An Aktualität ist de Klerk in noch größerer Weise gelegen. Anders, als man es von einem 81-Jährigen erwarten dürfte, beschäftigt er sich in seiner Rede weitestgehend mit: der Zukunft. Seinem Lebenswerk als Präsident und Partner Mandelas widmet er nicht viel mehr als seine ersten beiden Sätze: "Wir haben damals getan, was wir getan haben, weil es getan werden musste. Wir haben es getan, um der Gerechtigkeit willen und um eine Katastrophe zu vermeiden." Was folgt, ist eine klargeistige Betrachtung des Zustands der Welt und des Menschen, mögliche Konsequenzen inklusive.

Das globale Dorf - aufregend, aber auch beängstigend

Nicht nur de Klerk erwartet einen weiteren Anstieg weltweiter Fluchtbewegungen - gleichzeitig steige vor allem in den reichen Ländern die Lebenserwartung weiter und sinke die durchschnittliche Zahl der Kinder pro Frau. Allein Europa werde bis zum Ende des Jahrhunderts 100 Millionen Menschen weniger zählen - de Klerk fragt: Was bedeutet das? Was bedeutet das, wenn der Klimawandel zusätzlich die Ernten vernichtet und also härtere Fluchtursachen schafft? Und wie schließlich würde Europa reagieren, wenn nicht mehr eine sondern zehn Millionen Geflüchtete an seine Tür klopften?

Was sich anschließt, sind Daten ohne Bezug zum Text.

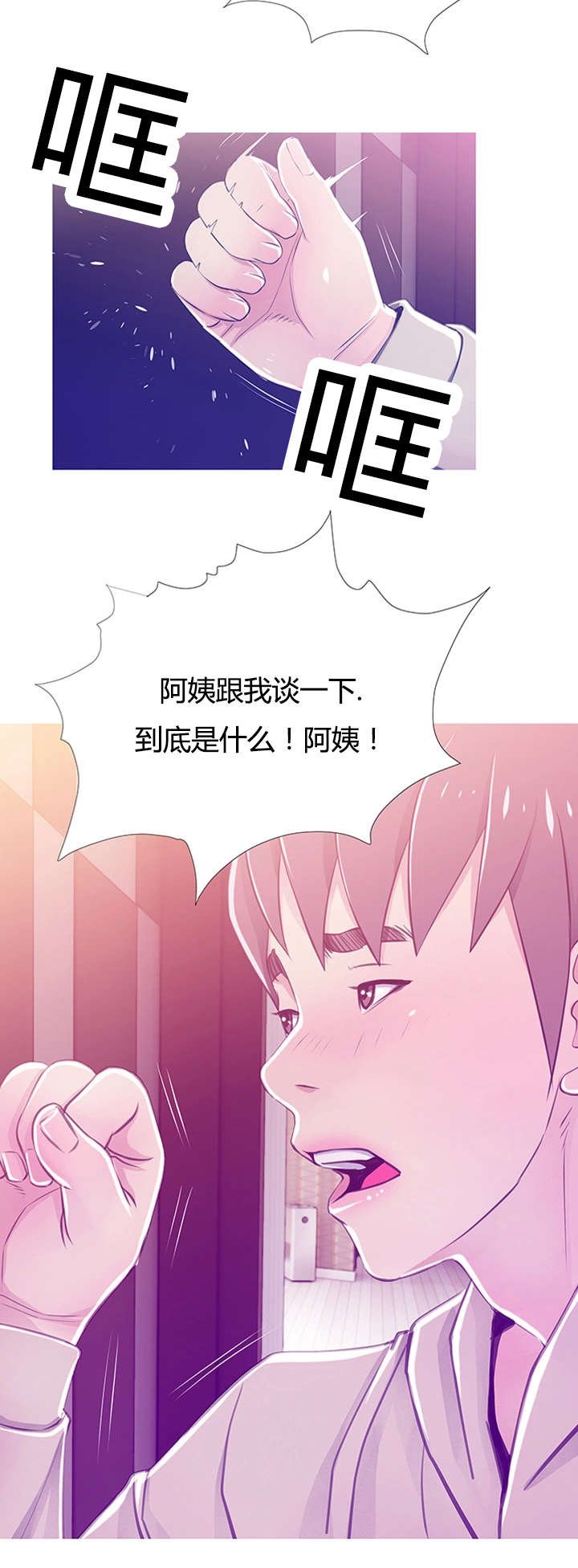 第27章：质问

Von da geht de Klerk einen Schritt zur Seite und zu den Parametern des Menschen. Jeder Mensch gehöre vielen Gruppen an, er selbst zum Beispiel sei Mann, Südafrikaner, und er fühle sich auch als "ein Bürger der Welt". Kultur, Religion, Alter, Herkunft, Sprache - vieles mache den Menschen aus, sagt de Klerk, und niemand in der Welt solle gezwungen werden können, einen Aspekt seiner Selbst aufgeben zu müssen, um einen anderen annehmen zu können.

De Klerk für friedfertigen Stolz

De Klerk sieht die Welt vor der Aufgabe, immer mehr und immer größere und immer diversere Minderheiten in Gesellschaften zu integrieren. Er sagt: "Wir haben das globale Dorf betreten, es ist aufregend dort, manchmal verwirrend, gelegentlich auch ein wenig beängstigend."

Aber dieses Dorf werde weiter wachsen und so werde sich das Schicksal der Welt am Umgang mit Minderheiten entscheiden - im Guten oder im Katastrophalen. Diese grundsätzliche Betrachtung führt ihn deswegen zu der konkreten Forderung, die Rechte kultureller und religiöser Minderheiten global zu normen, ähnlich wie dies mit UN-Konventionen für Kinder und Frauen bereits geschehen sei.

Dies stehe, sagt de Klerk, einem "guten Nationalismus" im Übrigen nicht im Wege - Länder und ihre Bürger sollten das Recht haben, in friedfertigem Stolz das eigene Land zu feiern, dies sei sogar gesund. Gleichzeitig gebe es dabei keine andere Alternative dazu, Unterschiedlichkeit auch innerhalb von Gesellschaften zu respektieren und eine Einheit dieser allein über humanistische Werte zu anzustreben. Das ist das Wort, das aus der Frauenkirche und von de Klerk ausgehen soll - und man weiß wie immer leider nicht, wer und wie viele es hören werden.